Al Assad told the Mail on Sunday that Western nations have lied about chemical attacks in Syria and supported terrorist groups there, while Russia has supported his regime against the foreign “invasion.”

Al Assad reiterated his long-held position that the uprising against his rule was part of a conspiracy to remove a leader that did not go along with Western policies in the region. Syria is allied with Iran and Russia, and has had turbulent relations with the West. Syria is technically at war with Israel, which occupies the Syrian Golan Heights, but a ceasefire has largely held since the 1970s.

“The whole approach towards Syria in the West is, ‘we have to change this regime, we have to demonise this president, because they don’t suit our policies anymore’,” Al Assad said. “They tell lies, they talk about chemical weapons, they talk about the bad president killing the good people, freedom, peaceful demonstration.”

He denied Moscow is running the show in his war-torn country, his regime operates independently of its Russian and Iranian allies.

Al Assad slammed the United States and British military actions in Syria as “colonial” while praising supporter Russia.

“We’ve had good relations with Russia for more than six decades now, nearly seven decades. They never, during our relation, try to dictate, even if there are differences,” he told the British newspaper.

Al Assad admitted his regime has disagreed with Russia and Iran throughout the country’s seven-year conflict.

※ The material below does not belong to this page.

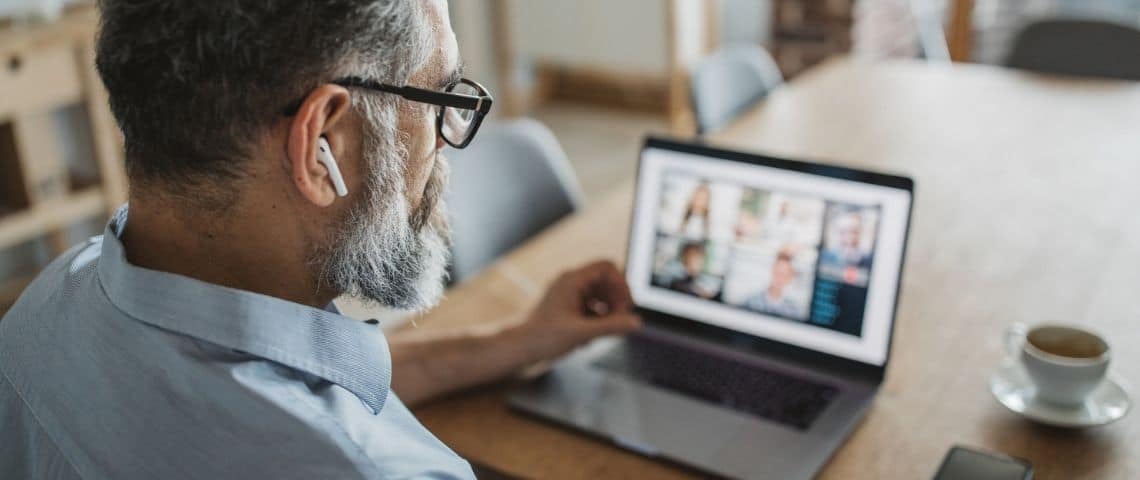 SEO & Podcasts : On fait le point sur les résultats de recherche audio dans Google Un homme devant son ordi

“That’s very natural, but at the end the only decision about what’s going on in Syria and what’s going to happen, it’s a Syrian decision,” he said.

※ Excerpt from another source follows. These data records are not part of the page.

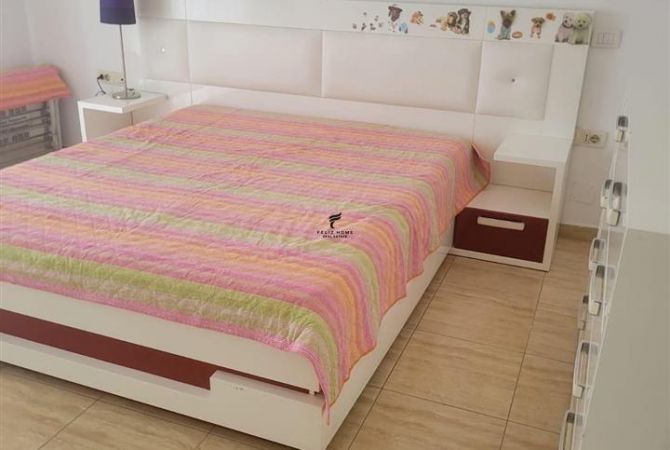 Shtepi ne shitje Shtepi Private ne Tirane, 3+1, Mobilimi E mobiluar, Pagesa 275,000  Euro.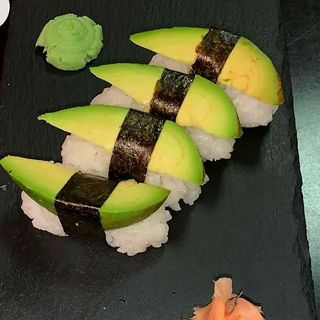 Nigiri de aguacate
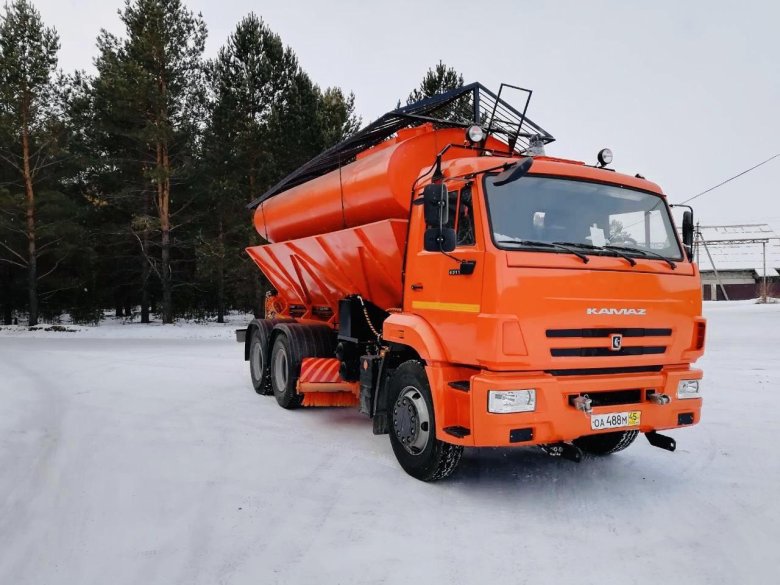 Машина комбинированная уборочная МД-651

Moscow intervened militarily in Syria’s conflict in 2015, when his forces were struggling to hold territory against rebel fighters.

Syria’s conflict began in 2011 with peaceful protests against the Al Assad family’s decades-long rule. The regime’s violent response to the protests, and the eventual rise of an armed insurgency, tipped the country into a civil war that has claimed nearly half a million lives.

Since then, Western nations and independent experts have accused the regime of carrying out several chemical weapons attacks, most recently in April, in an attack near Damascus that reportedly killed dozens of people and prompted Western air strikes. The regime has denied ever using chemical weapons.

Al Assad also dismissed reports that Israel has conducted recent air strikes in Syria with tacit Russian cooperation. Russia has provided crucial military support to Al Assad’s forces, waging an air campaign since 2015 that turned the tide of the war in Al Assad’s favour. Iran and Lebanon’s Hezbollah group have also provided extensive military support.

“Russia never coordinated with anyone against Syria, either politically or militarily,” Al Assad said. “How could they help the Syrian Army advancing and at the same time work with our enemies in order to destroy our army?”

Israel carried out a wave of air strikes against Iranian forces in Syria last month. The lack of any Russian response, despite the heavy Russian presence in the skies over Syria, suggested that Moscow might have been notified ahead of time.

Al Assad said he has remained in office through more than seven years of war because he has “public support.”

“We are fighting the terrorists, and those terrorists are supported by the British regime, the French regime, the Americans and their puppets whether in Europe or in our region,” he said.

“We are fighting them, and we have public support in Syria to fight those terrorists. That’s why we are advancing. We cannot make these advances just because we have Russian and Iranian support.”